This issue tracker has been migrated to GitHub, and is currently read-only.
For more information, see the GitHub FAQs in the Python's Developer Guide.

classification
Title: document that json.load/dump can’t be used twice on the same stream
Type: behavior Stage: resolved
Components: Documentation Versions: Python 3.1, Python 3.2, Python 2.7
process
Status: closed Resolution: fixed
Dependencies: Superseder:
Assigned To: ezio.melotti Nosy List: beazley, bob.ippolito, docs@python, eric.araujo, ezio.melotti, louiscipher, python-dev
Priority: low Keywords: easy, needs review, patch

Created on 2008-12-30 17:16 by beazley, last changed 2022-04-11 14:56 by admin. This issue is now closed.

Files
File name Uploaded Description Edit
issue4783.diff ezio.melotti, 2011-04-13 08:24 Patch to add a note against 2.7 review
Messages (10)
msg78547 - (view) Author: David M. Beazley (beazley) Date: 2008-12-30 17:16
The json module is described as having an interface similar to pickle:
  
    json.dump()
    json.dumps()
    json.load()
    json.loads()

I think it would be a WISE idea to add a huge warning message to the 
documentation that these functions should *NOT* be used to serialize or 
unserialize multiple objects on the same file stream like pickle. For 
example:

    f = open("stuff","w")
    json.dump(obj1, f)
    json.dump(obj2, f)        # NO!  FLAMING DEATH!

    f = open("stuff","r")
    obj1 = json.load(f)  
    obj2 = json.load(f)       # NO!  EXTRA CRIPSY FLAMING DEATH!

For one, it doesn't work. load() actually reads the whole file into a 
big string and tries to parse it as a single object.  If there are 
multiple objects in the file, you get a nasty exeption.   Second, I'm 
not even sure this is technically allowed by the JSON spec.

As far as I call tell, concatenating JSON objects together in the same 
file falls into the same category as concatenating two HTML documents 
together in the same file (something you just don't do).

Related: json.load() should probably not be used on any streaming input 
source such as a file wrapped around a socket.  The first thing it does 
is consume the entire input by calling f.read()---which probably not 
what someone is expecting (and it might even cause the whole program to 
hang).
msg78555 - (view) Author: Bob Ippolito (bob.ippolito) * (Python committer) Date: 2008-12-30 18:42
You're the first person to ever raise any of these issues in the slightly 
more than 3 years that the package has been around (by other names), so 
I'm not sure such a warning needs to be that big.

JSON doesn't really have any framing, so serializing more than one 
document to or from the same place doesn't work so well.
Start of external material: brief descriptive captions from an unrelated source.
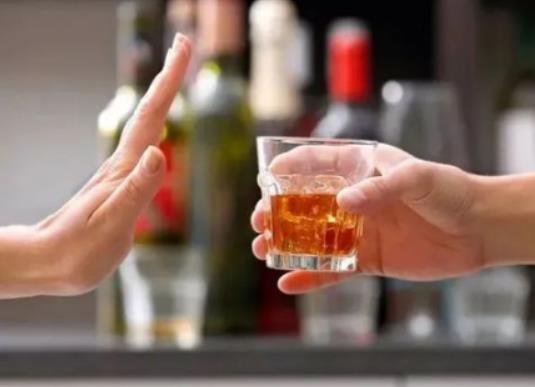 喝酒怎么催吐自己?喝酒按哪個部位解酒 喝酒怎么催吐自己?喝酒按哪個部位解酒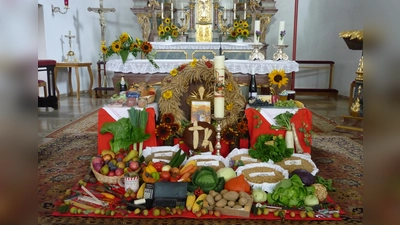 Erntealtar in der Benefiziumskirche St. Erhard in Wildenau<br><br> (Bild: Josef Albrecht)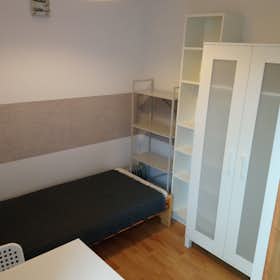 Private room for rent for PLN 1,250 per month in Warsaw, ulica Grochowska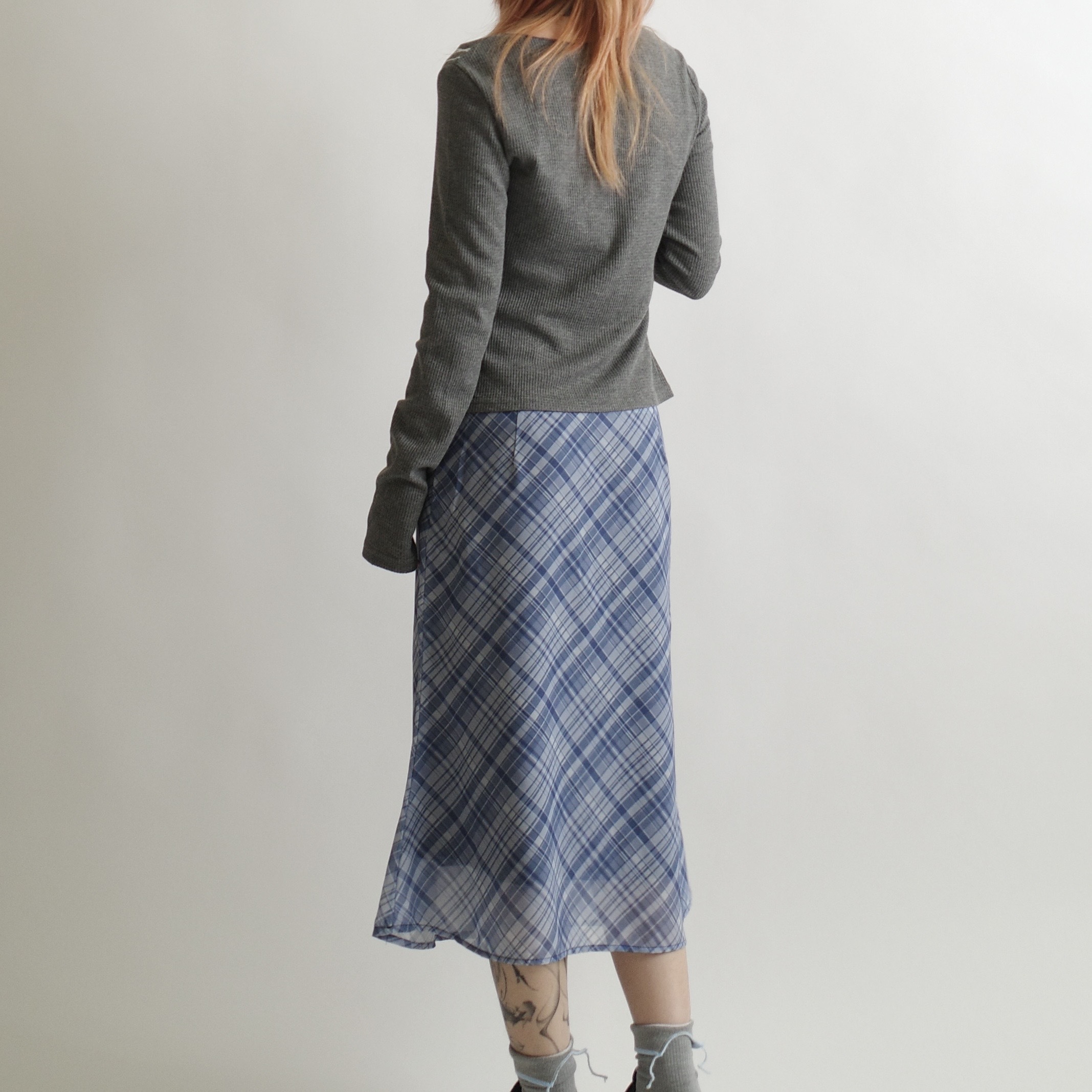 灰藍雪紡斜格紋裙2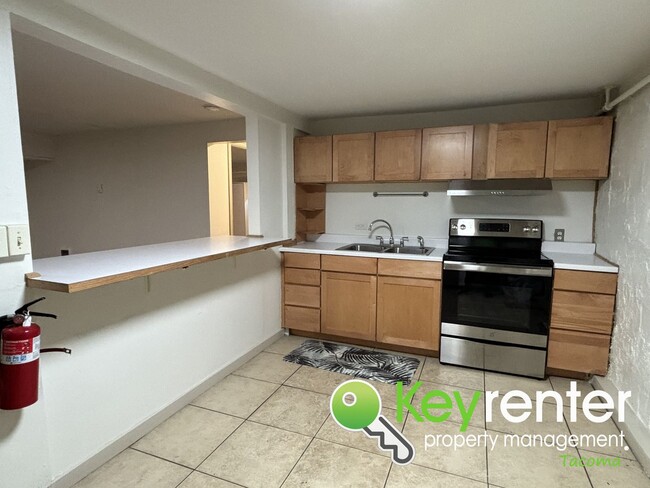 Foto del edificio - North Tacoma Home with Units available!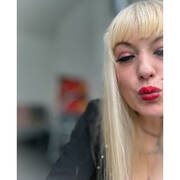 Malaurie Girlfriend (Photo #9)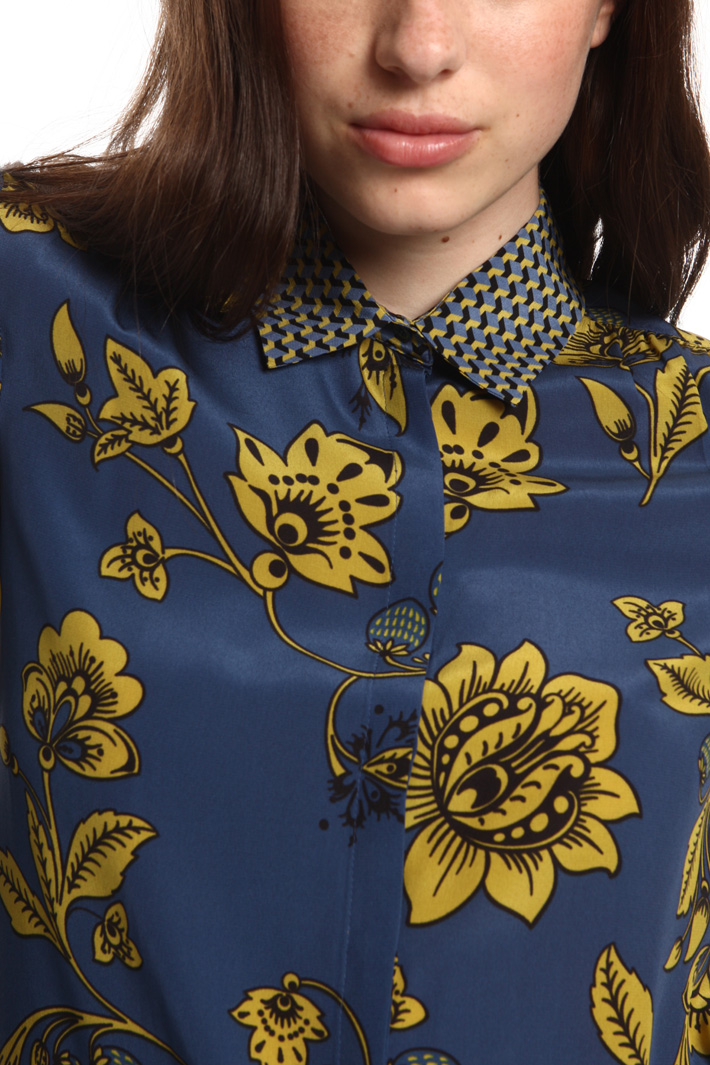 Silk crepe de chine shirt Intrend Silk crepe de chine shirt Intrend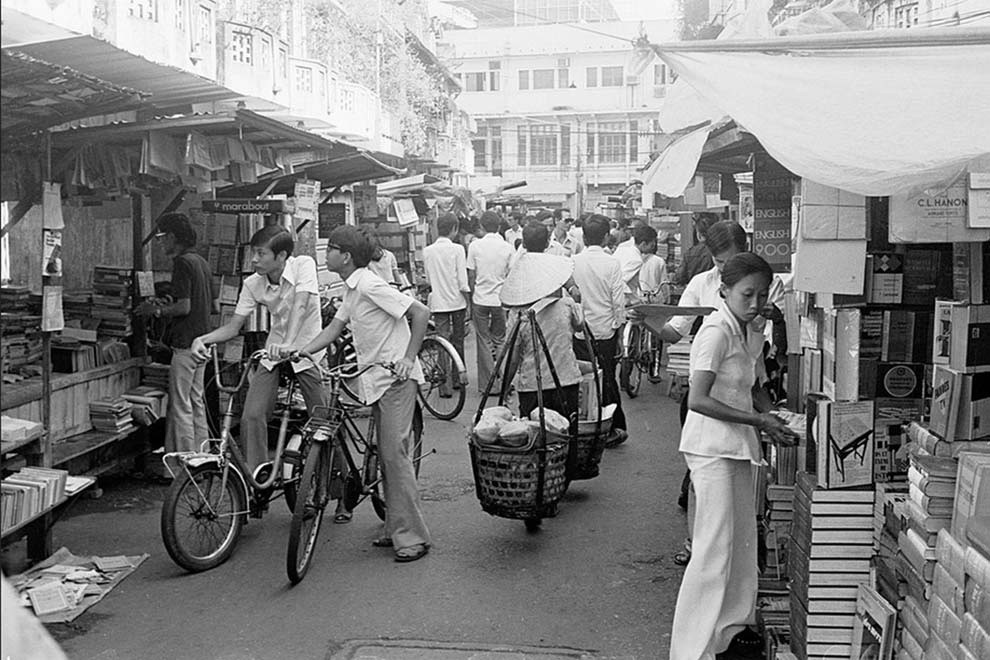 Dạo qua 5 khu chợ có cái tên "độc nhất vô nhị" chỉ có ở Sài Gòn
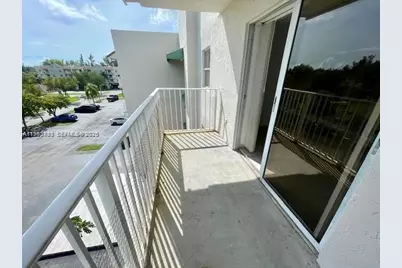 8260 SW 210th St #311, Cutler Bay, FL 33189 - Photo 7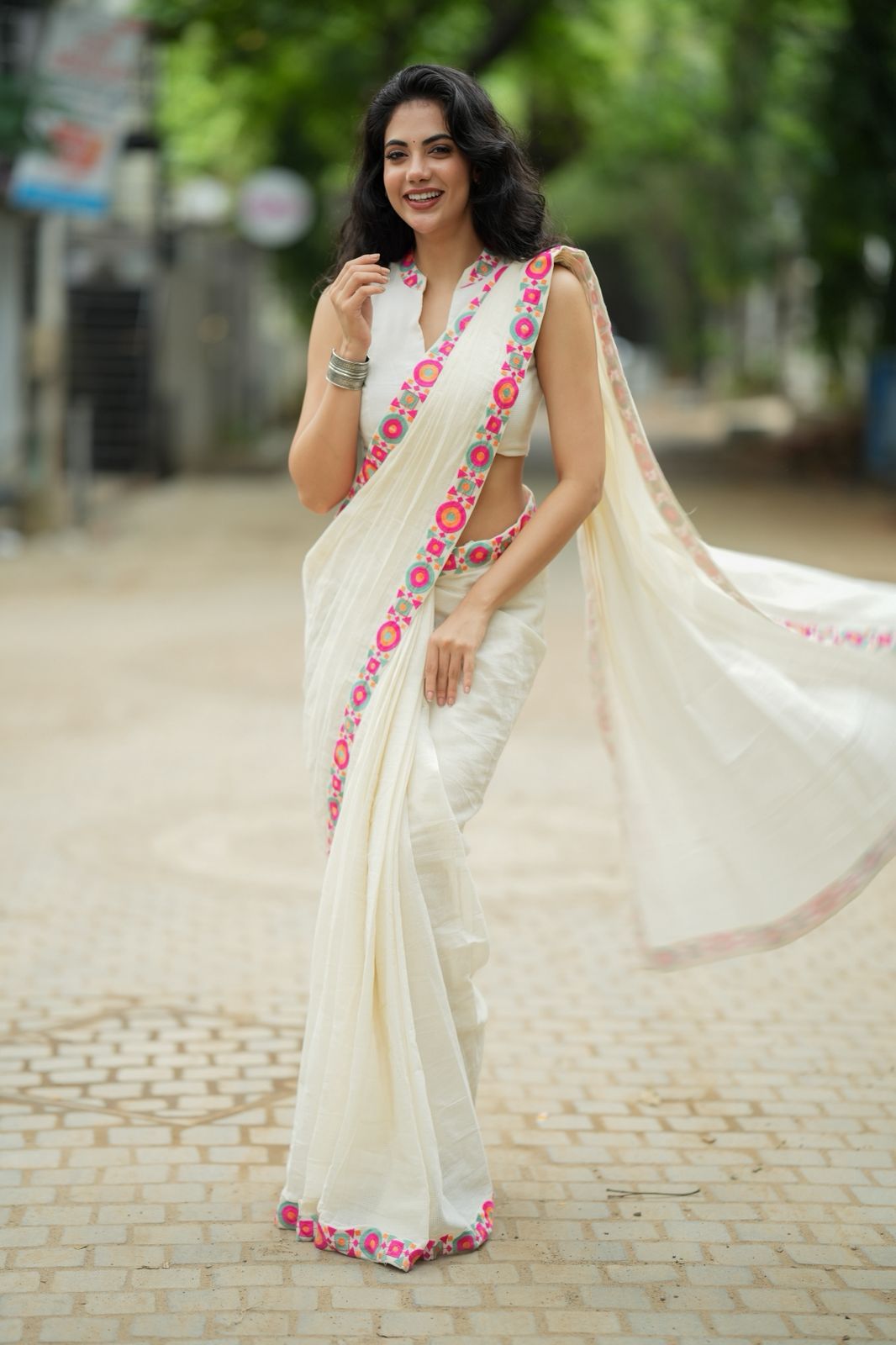 Cream cotton kota saree with embroidery work blouse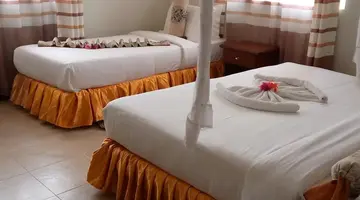 Sea Crest Hotel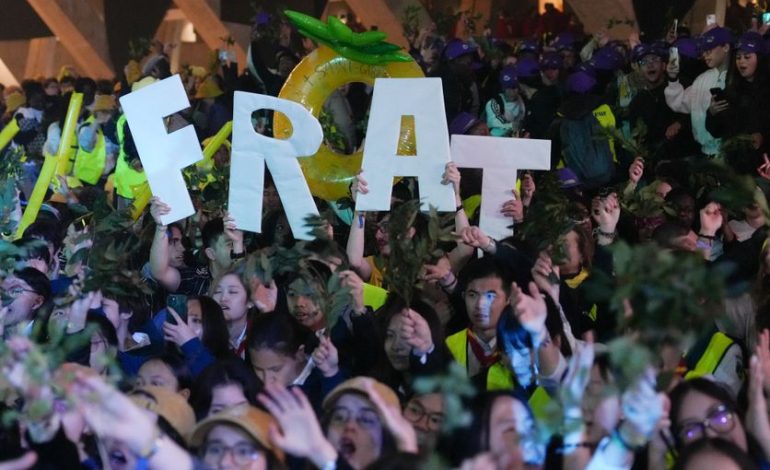 Rassemblement Jeunes et Messe Géante au Voyage Papal en France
It's not even 
talked about in the spec, and I've never seen someone try it before.
msg78556 - (view) Author: David M. Beazley (beazley) Date: 2008-12-30 19:02
Just consider me to be an impartial outside reviewer.  Hypothetically, 
let's say I'm a Python programmer who knows a thing or two about 
standard library modules (like pickle), but I'm new to JSON so I come 
looking at the json module documentation.   The documentation tells me 
it uses the same interface as pickle and marshal (even naming those two 
modules right off the bat).   So, right away, I'm thinking the module 
probably does all of the usual things that pickle and marshal can do.  
For instance, serializing multiple objects to the same stream.   
However, it doesn't work this way and the only way to find out that it 
doesn't work is to either try it and get an error, or to read the source 
code and figure it out.

I'm not reporting this as an end-user of the json module, but as a 
Python book author who is trying to get things right and to be precise.   I think if you're going to keep the pickle and marshal reference I would 
add the warning message.  Otherwise, I wouldn't mention pickle or 
marshal at all.
msg78557 - (view) Author: Bob Ippolito (bob.ippolito) * (Python committer) Date: 2008-12-30 20:30
Ok, I've added some notes to the trunk of simplejson's documentation. Not 
sure when/if that'll hit the Python trunks, I've been having a hard time 
getting my other patches to sync up with simplejson through: http://bugs.python.org/issue4136
msg78559 - (view) Author: David M. Beazley (beazley) Date: 2008-12-30 20:49
Thanks!  Hopefully I'm not giving you too much work to do :-).


Cheers,
Dave
msg114850 - (view) Author: Éric Araujo (eric.araujo) * (Python committer) Date: 2010-08-24 23:22
Bob, what is the status of this bug?
msg133650 - (view) Author: Ezio Melotti (ezio.melotti) * (Python committer) Date: 2011-04-13 08:24
Attached patch adds a note about the effects of using dump several times on the same file.
msg133688 - (view) Author: Bryce Verdier (louiscipher) Date: 2011-04-13 20:25
Not to nitpick, but what about the wording used in the simplejson documentation that Bob wrote almost 3 years ago? 

Note
JSON is not a framed protocol so unlike pickle or marshal it does not make sense to serialize more than one JSON document without some container protocol to delimit them

I also feel that it sounds a little bit cleaner.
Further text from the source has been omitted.